If they do this, assuming they pick reasonable positions (hint: not abortion), they can build up a certain amount of credibility with the moderates in the red states. If they nominate someone who can connect with the voters, that person can draw on that reserve of credibility for reassurance.

As an example, many of the Republican microeconomic programs appeal to me. Health insurance premiums too high? Here's a medical savings account-- saves my employer money and gives me money to spend at the same time. Cool! Increases on IRA and 401(k) contributions? Cool! Privatizing Social Security? I have no confidence it will be around when I retire, so I'm more than happy to have at least some of my money in individual accounts, particularly when the recipients of Social Security are, on average, wealthier than those that are paying into Social Security. Whatever nimrod the Republican party choosed to nominate has some built-in credibility with me because I can extrapolate that the programs they are going to offer will give me more control over my money and surmise that I will like many of them.

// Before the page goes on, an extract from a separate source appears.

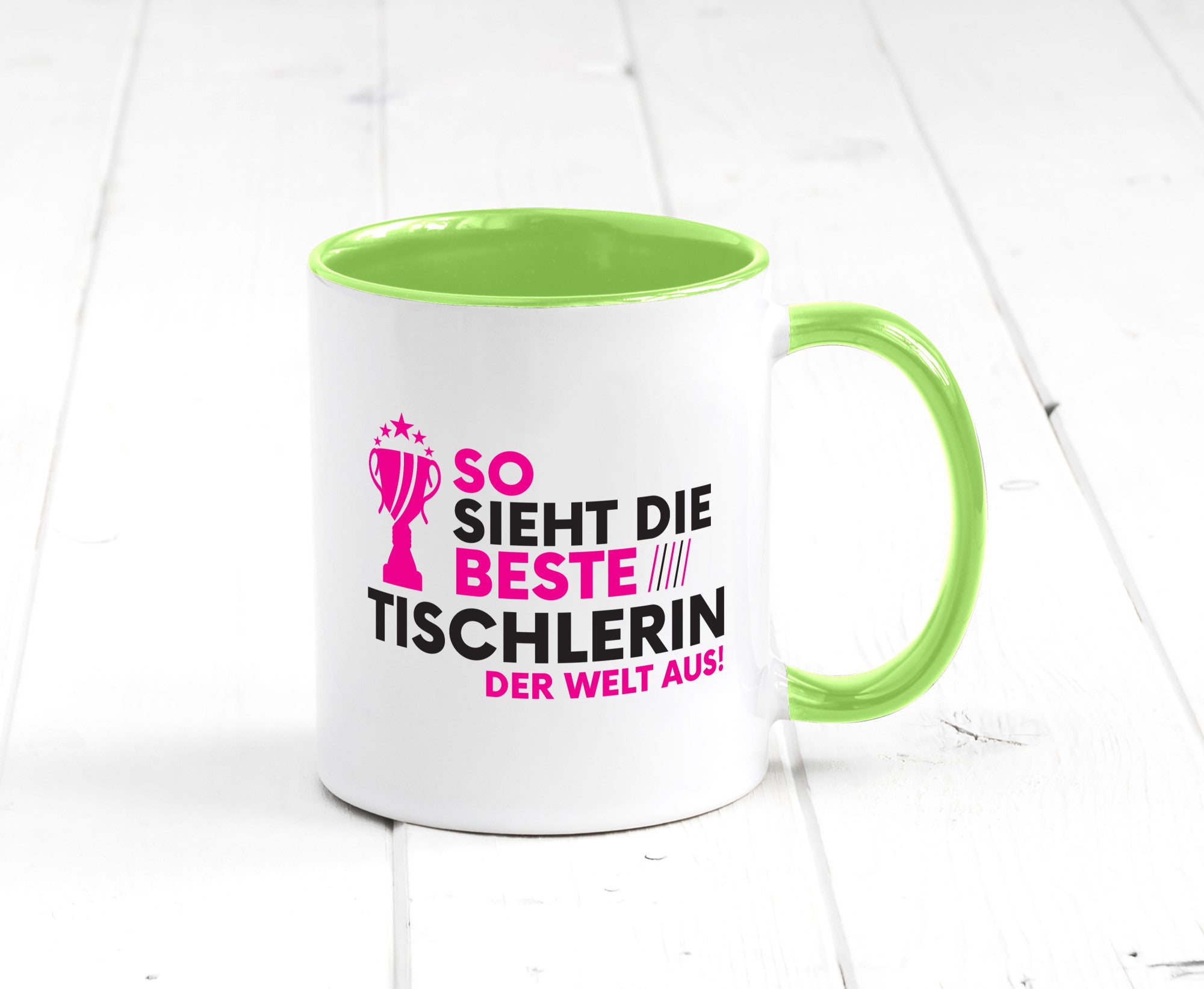 Die Weltbeste Tischlerin | Tischlerei Geschenk Humor Geschenkidee lustiger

What do the Democrats have on the other side? They're really good at saying what they're against, but then they come out with these hugely complex programs that everyone knows could never pass, so you never really know what principle they're going after. I have some idea what the Republicans will trade to get some amount of Social Security privitization through-- the government may match contributions at the lower end, they might agree to increases in the payroll tax cap, they might limit investment options-- but I can understand the kernel. If Kerry's health care plan was submitted to Congress, does anyone have a clue what would happen to it? What would they compromise on? What would they hold to? What underlying rationale would they use to figure out what the "nice to have" features are versus the "must have" features?

What I'm talking about here isn't just getting better slogans-- though that is a side effect. It is all about finding and enunciating a coherent philosophy of government. "We hold these truths to be self-evident-- that all men are created equal" is a nice slogan, but more importantly is that it communicates a philosophy that gives you a level of comfort about how decisions will be made.

People trust Bush not because they think he'd never cheat on Laura. They trust him because they have some insight on how he makes decisions and have some faith that that is a reasonable way to operate. If the Democrats could build up the same sort of trust-- that there are a set of principles that cannot be negotiated away, a set of principles which guides the decisions of the politicians, they can connect with red state voters and they can at least contest states like Georgia and Mississippi.